Yara International has committed to a 10pc reduction in CO2 emissions by 2025 and aims for climate-neutral production by 2050. The producer has firm plans to replace 10pc of its ammonia production in the south of Norway with green production by 2022 and will fully convert to green ammonia production at its Porsgrunn site by 2050. Yara has partnered with local firm Nel Hydrogen to help it achieve is carbon-reduction goal.
Even companies with a large oil and gas focus are getting involved in the green ammonia process. Texas-based KBR’s K-GreeN solution is being developed to offer customers a complete green ammonia plant: from electrolyser to ammonia, or an add-on electrolyser that has no air separation unit or synthesis loop requirement.
A number of smaller organisations pioneering green ammonia in western Europe and the US are working on innovative ways to revolutionise the entire ammonia production process. Some of these new technologies are moving away from the traditional Haber-Bosch process altogether. Iceland-based Atmonia is working on a catalyst that works at ambient pressure and does not involve a separate hydrogen production in its process, but rather uses water directly. The electrocatalytic process emits no CO2 and Atmonia’s technology enables production to run intermittently, with relatively little cost associated with shutting down and restarting production. “This is a major advantage when relying on renewable energy, like solar and wind, for production,” Atmonia’s chief executive, Gudbjorg Rist, says. The company is currently building a prototype catalyst that will initially produce liquid ammonia for on-site fertilizer use, “but the end-goal will be to produce anhydrous ammonia”, Rist says.
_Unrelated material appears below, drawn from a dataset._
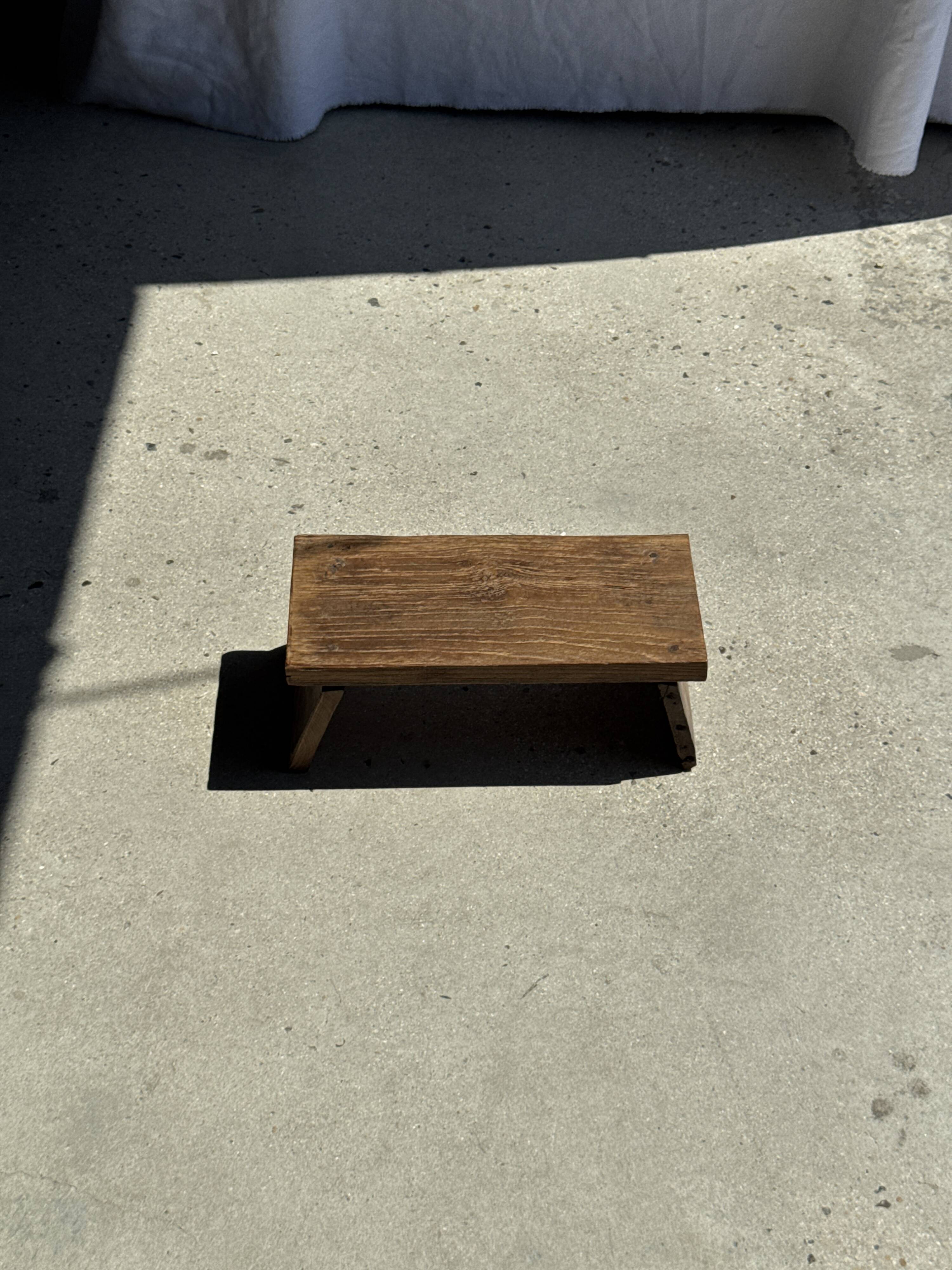 Small low bench in old teak from Indonesia H16 L39
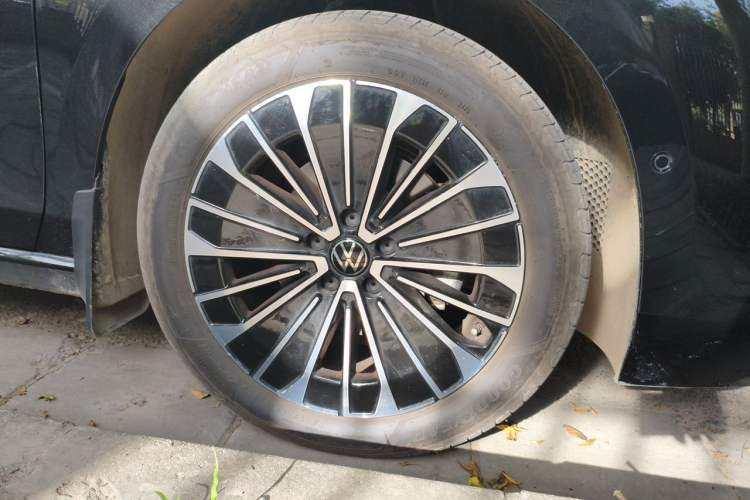 Used Volkswagen Magotan 2024 380TSI DSG Prestige Edition DaMai Package Right Front Wheel Hub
In the US, Colorado-based Starfire Energy is developing modular systems to produce carbon-free ammonia. The organisation recognised a growing need for a renewable fuel that can be stored and used in transport and heat applications, and it believes ammonia is the ideal fuel.
Starfire Energy has moved away from the traditional Haber-Bosch system of production and has developed a system that requires lower pressures than conventional ammonia. The company has developed an ammonia reactor that can directly follow variations in output from wind and solar power and uses no fossil fuel in the production process. The company started with a Rapid Ramp NH3 prototype reactor that has a 3 kg/d capacity and has now built a 10 kg/d system that will form the foundation for its 100 kg/d modular pilot system. A second pilot system is planned for 1 t/d. After that system, the team will scale the technology to 50 t/d, which can be replicated so that a single site that can accommodate 10 units can potentially produce 500 t/d of ammonia. “The units will be 80pc factory-built, with the remaining 20pc built on site,” Jennifer Beach, Starfire Energy’s co-founder and chief operating officer, says.
Starfire Energy’s mission is to develop not just carbon-free ammonia production but also to provide the technology to tailor its end-use. The company is now developing a lower-temperature NH3 cracking catalyst that converts ammonia into nitrogen and hydrogen gas. The nitrogen and hydrogen can be used in combination at point of use, or the hydrogen can be used alone to power vehicles and plants that require high-pressure hydrogen for fuel cells.